Mais il faut se hâter d'ajouter que par cette démarche un tantinet sacrilège l'auteur de l'épître de Jacques vise moins Paul lui-même que les conséquences de son enseignement dans les Eglises qui se réclament de lui (Paul). L'accent mis sur la foi a débouché sur une pratique ecclésiale qui fait la part belle à la doctrine et aux "docteurs", qui donne priorité à la parole entendue et crue sur l'action (voir 1,22-25 et le chapitre 3); d'autre part la structure des Eglises pauliniennes les fait dépendre de riches protecteurs ou "patrons" qui accueillent l'assemblée "dans leur maison" et lui confèrent ainsi un statut social, dans le cadre du clientélisme romain: dans ce contexte, les "riches" ont évidemment plus de poids et d'honneur que les pauvres (voir le début du chapitre 2, et les reprises de ce thème en 1,9-11 et 5,1ss).
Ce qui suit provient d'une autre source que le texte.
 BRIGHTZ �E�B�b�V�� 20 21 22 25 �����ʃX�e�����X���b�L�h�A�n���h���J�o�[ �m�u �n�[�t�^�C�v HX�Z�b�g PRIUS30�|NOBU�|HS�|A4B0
Bref, on a des Eglises qui se disputent à qui mieux mieux sur "ce qu'il faut croire" et qui dans le même temps reproduisent les schémas sociaux du "monde" (cf. 1,26s et 4,1-4), sans jamais les remettre en question. Or la racine du "mal" est bien objectivement dans l'enseignement de Paul, qui fait de la "foi" et du "salut" une affaire exclusivement religieuse, et qui prône le statu quo en matière sociale (cf. 1 Corinthiens 7) -- même si ce n'était pas ce que Paul espérait de la "foi", qui garde chez lui la force d'un principe d'action.
Je ne saurais trop recommander le commentaire de François Vouga sur l'épître de Jacques, que j'ai trouvé très éclairant pour ma part. Le rapport de cette épître au paulinisme se comprend mieux quand on considère sa cohérence d'ensemble, et pas seulement le passage le plus visiblement antagoniste (2,14-24).